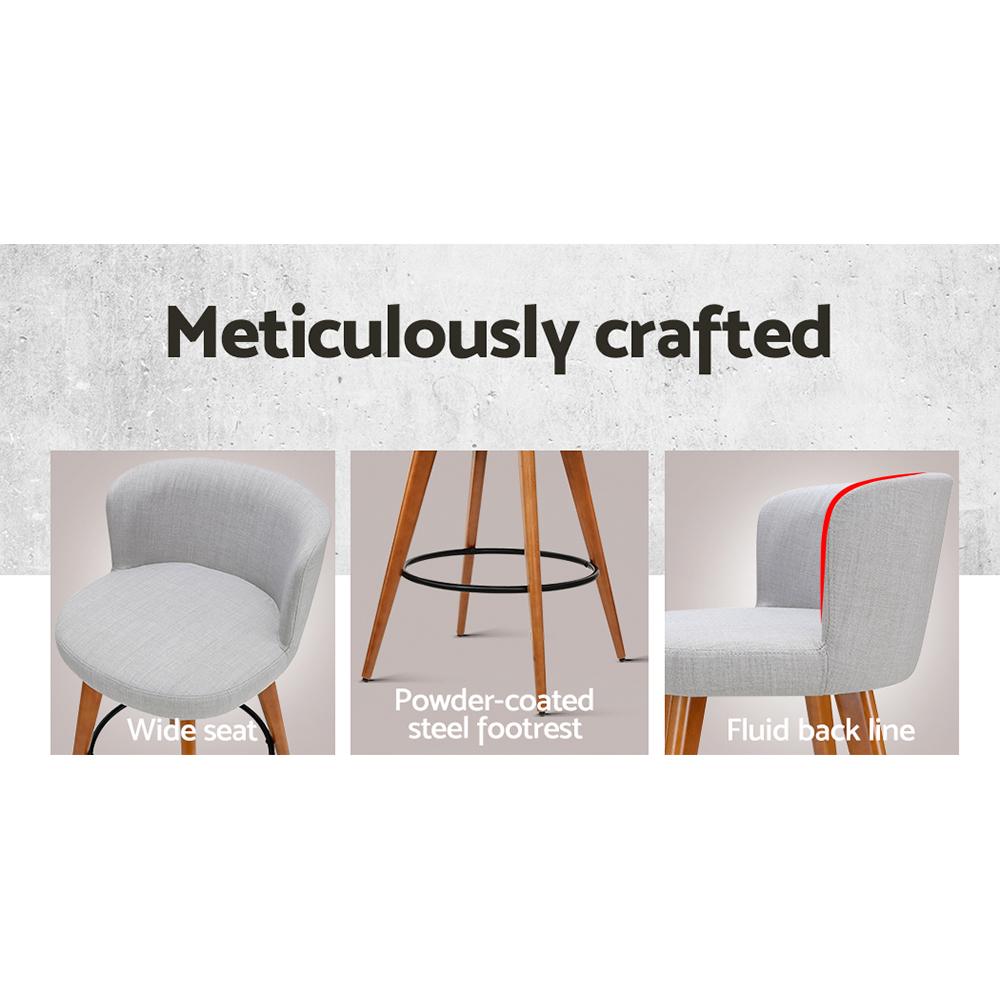 Artiss Set of 4 Wooden Fabric Bar Stools in light grey with circular footrest and padded backrest, showcasing a stylish and comfortable design.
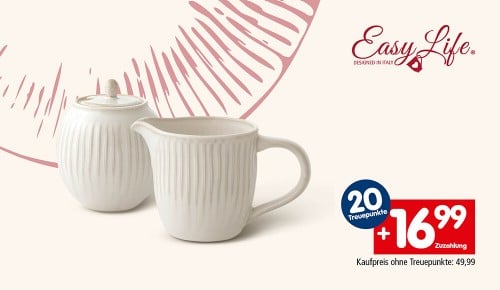 Ein Milchkännchen und eine Zuckerdose und die Aufschrift "20 Treuepunkte. +16,99€ Zuzahlung. Kaufpreis ohne Treuepunkte: 49,99€"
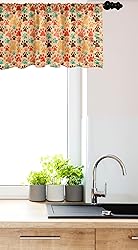 Ambesonne Dog Lover Window Valance, Colorful Paw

ACTIVITY: Retype the lines above exactly, no pictures.

SOLUTION TO THIS EXERCISE:
 Artiss Set of 4 Wooden Fabric Bar Stools in light grey with circular footrest and padded backrest, showcasing a stylish and comfortable design.
 Ein Milchkännchen und eine Zuckerdose und die Aufschrift "20 Treuepunkte. +16,99€ Zuzahlung. Kaufpreis ohne Treuepunkte: 49,99€"
 Ambesonne Dog Lover Window Valance, Colorful Paw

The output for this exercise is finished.